Le P. Borrmans exprime au passage un regret : que cinquante d'efforts de dialogue islamo-chrétien n'ait pas « changé le 'regard' que jette aujourd'hui un milliard de musulmans sur 'Îsâ ibn Maryam' » (Jésus fils de Marie). Et le défi fondamentaliste auquel doivent faire face les penseurs et théologiens musulmans n'est pas très propice sinon à une ouverture, au moins à une curiosité sur ce que les sources chrétiennes disent de Jésus.
Mais le théologien ne dépose pas les armes et ouvre des pistes pour le dialogue, en s'appuyant sur différents documents magistériels.

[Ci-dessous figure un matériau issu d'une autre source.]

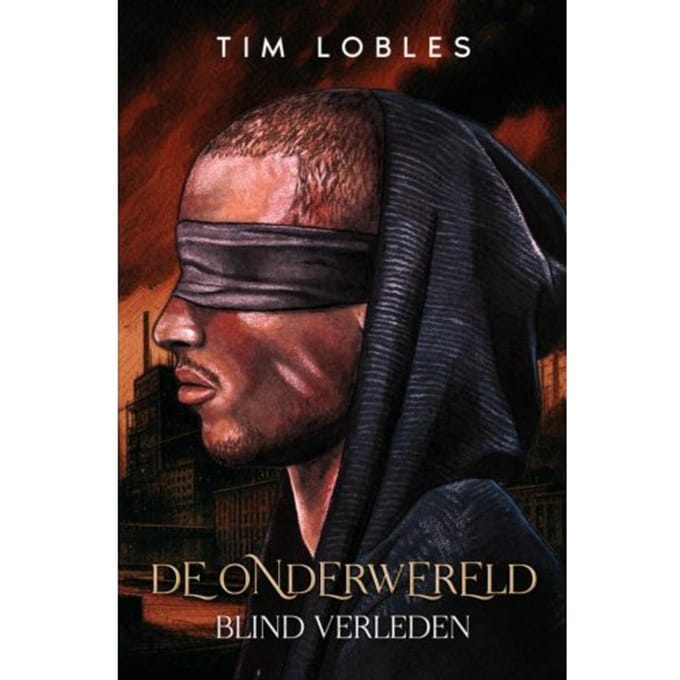 De Onderwereld - Tim Lobles
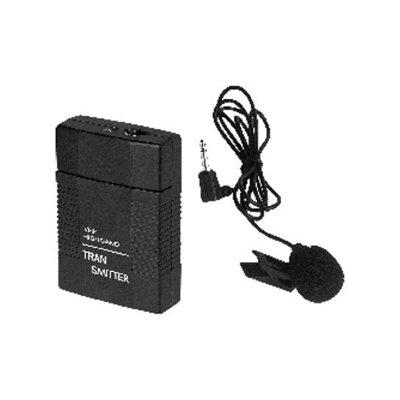 AmpliVox Sound Systems Wireless Rechargeable Mity-Vox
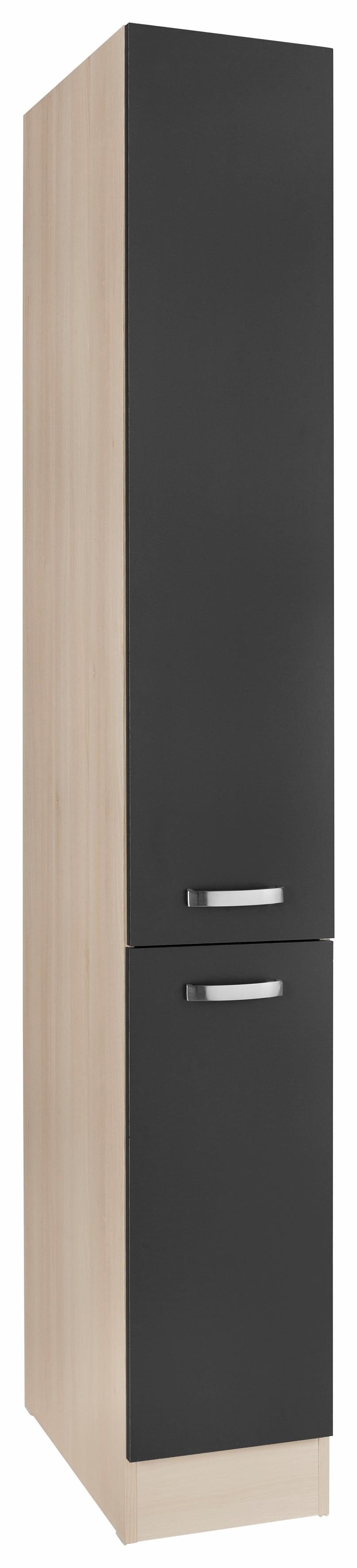 OPTIFIT Apothekerschrank »Faro«, 2 Auszüge, Metallgriffe, Breite 30 cm OPTIFIT Apothekerschrank »Faro«, 2 Auszüge, Metallgriffe, Breite 30 cm von OPTIFIT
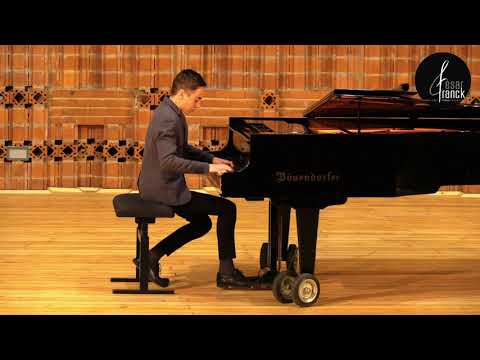 CFIPC Prizewinners 2020 - Zsombor KEMÉNY - 1st Prize ex-aequo Category C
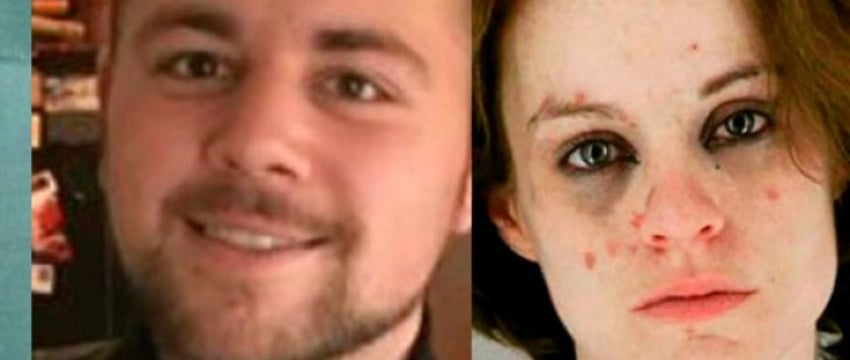 На фото показали людей, которые отказались от наркотиков и алкоголя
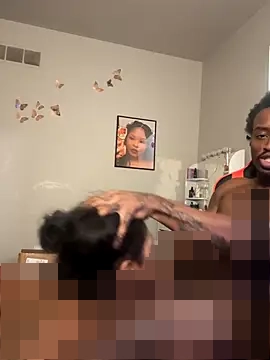 exotic__couple's Webcam Show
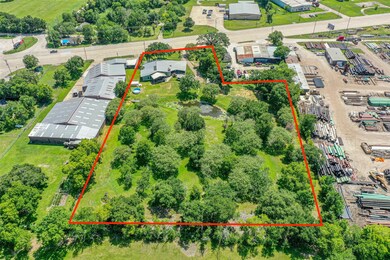 1612 W Highway 6, Alvin, TX 77511 - photo 3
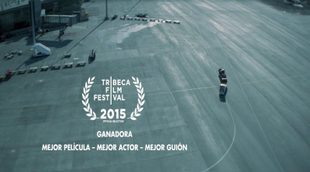 Tráiler subtitulado 'Corazón gigante (Fusi)'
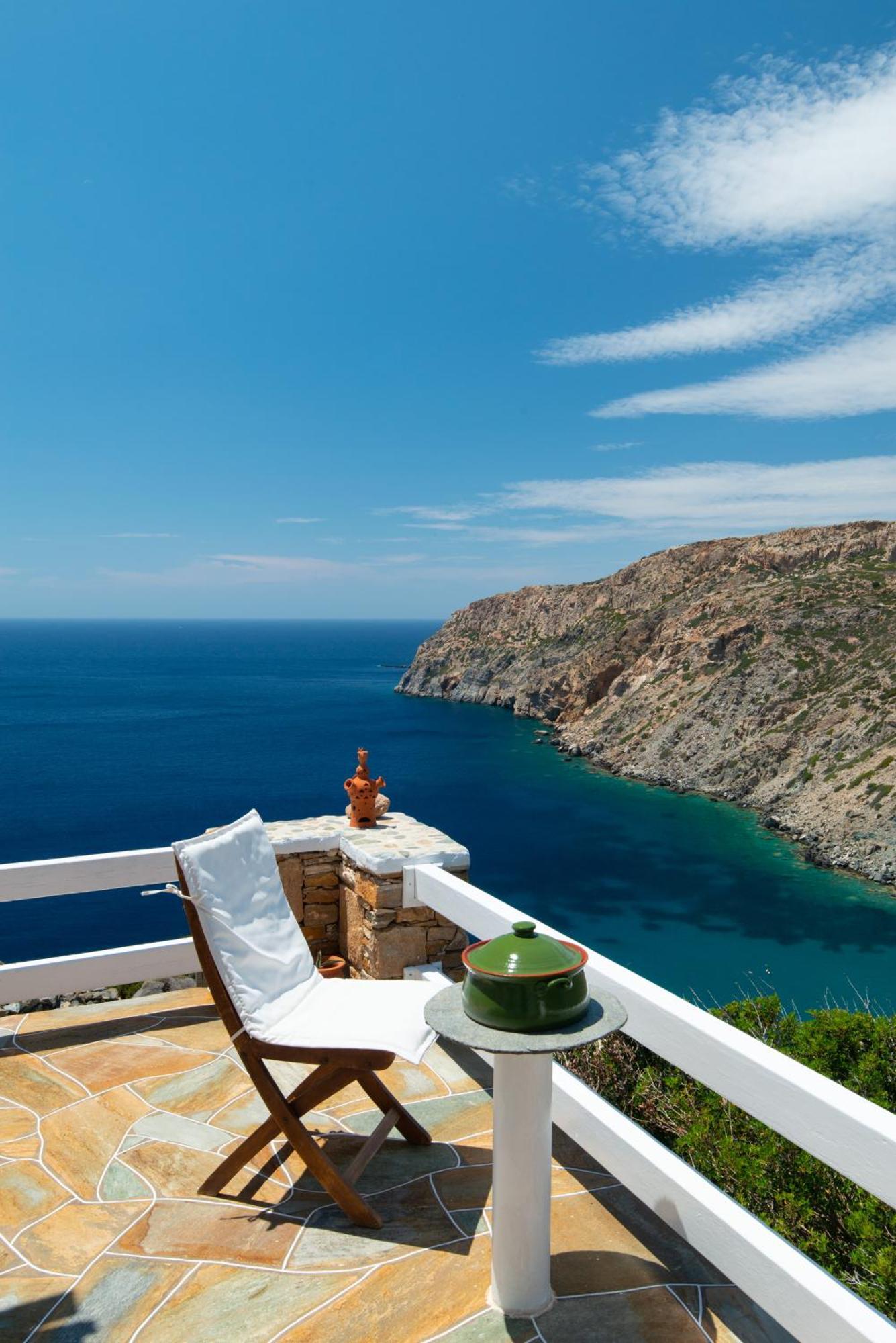 Sunset Studio Cherronisos  Exterior photo
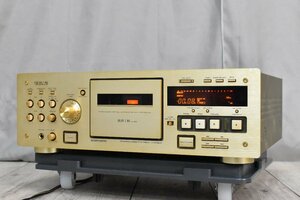 ◇p2989 ジャンク品 TEAC ティアック カセットデッキ V-6030S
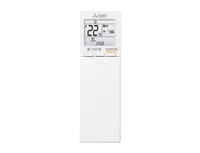 Инверторен климатик MITSUBISHI ELECTRIC MSZ-AY25VGKP / MUZ-AY25VG PLASMA QUAD PLUS, 9 000 BTU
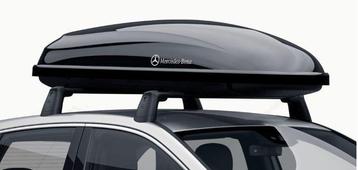 Dakdrager origineel imperiaal A2478902900 Mercedes B klasse  beschikbaar voor biedingen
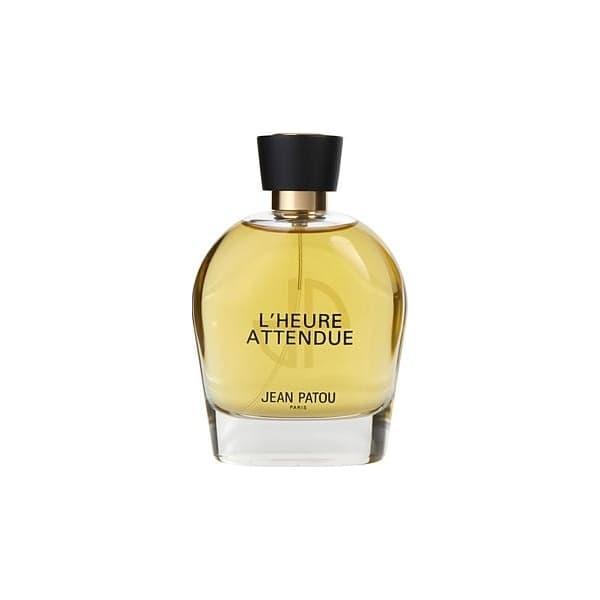 L'Heure Attendue (2015)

Il veut aussi prendre au sérieux les musulmans qui disent croire à l'Évangile, « dont le Coran nous dit qu'il est un livre et une partie du Livre », et apprécient les vertus que pratiquent les chrétiens. « Si donc l'Évangile chrétien, en ses dimensions historiques et théologiques, échappe à ce que croient les musulmans, il peut cependant les intéresser en ses dimensions sociales et spirituelles », écrit le père blanc qui voit là un appel lancé aux chrétiens à être pour les musulmans une « cinquième évangile vivant », que nul ne pourra contester s'il est vécu « en esprit et en vérité », dans le service de la justice et de la paix.

Espérer en Celui qui a détruit les 'murs de séparation' 

« C'est en un tel sens que la condition du chrétien est bien celle d'un 'défi évangélique', conclut le P. Borrmans.  Ce faisant, le dialogue interreligieux devient 'émulation spirituelle' et on peut alors envisager un passage graduel à une quadruple conversion aux valeurs du Royaume (les béatitudes), aux promesses de Dieu comme Père, à l'appel fascinant de Jésus 'modèle unique' et à la communion fraternelle en l'Eglise 'prémisse du Royaume'. La condition du chrétien est bien celle d'un 'évangile vivant' qui fait mystère et suscite des interrogations chez qui en est le témoin inattendu. » Condition certes « des plus incommodes », notamment à une période où le dialogue s'avère difficile, mais qui plonge les chrétiens au cœur du mystère pascal, les poussant à « mieux vivre leur espérance en Celui qui  déjà détruit les 'murs de séparation' par sa Croix et sa Pâque, et qui leur confie aujourd'hui 'le ministère de  la réconciliation' entre les fils de l'Eglise et les fidèles de l'islam ».